EXERCISE DETAILS:
Your job is to return the whole listing unchanged while skipping its images.

GIVEN MATERIAL:
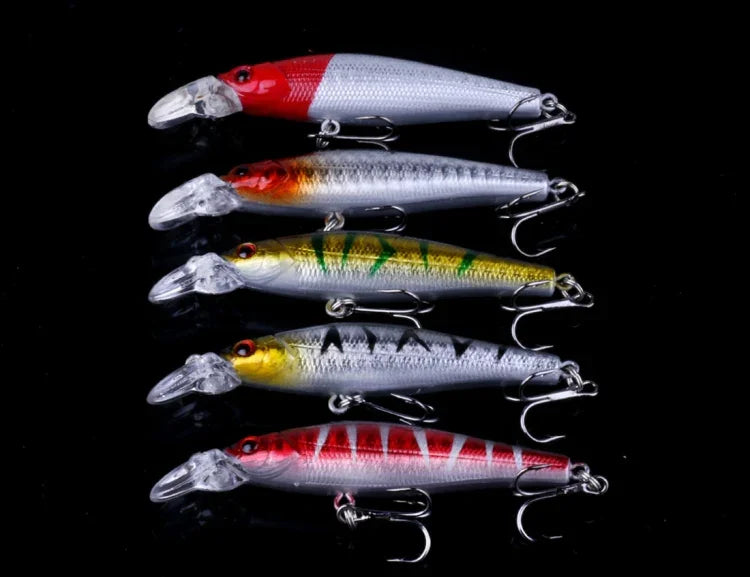 HENGJIA Set056 Conjunto de 56 Peças de Lantejoulas Metálicas para Isco Falso, Isco Fresco para Robalo Marinho, Comprimento: 3 a 10cm, Embalado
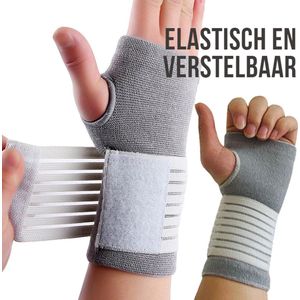 Verstelbare Elastische Pols Band GRIJS - Ventilerende Hand Pols Brace Ondersteuning - PolsBrace - Grijs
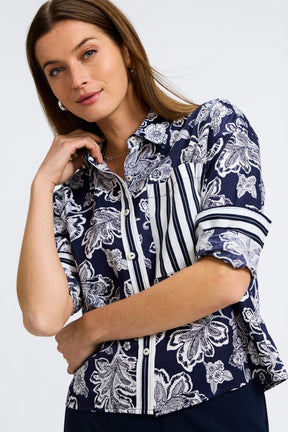 Marina Woodblock Floral Long Sleeve Shirt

OUTPUT FOR THIS EXERCISE:
 HENGJIA Set056 Conjunto de 56 Peças de Lantejoulas Metálicas para Isco Falso, Isco Fresco para Robalo Marinho, Comprimento: 3 a 10cm, Embalado
 Verstelbare Elastische Pols Band GRIJS - Ventilerende Hand Pols Brace Ondersteuning - PolsBrace - Grijs
 Marina Woodblock Floral Long Sleeve Shirt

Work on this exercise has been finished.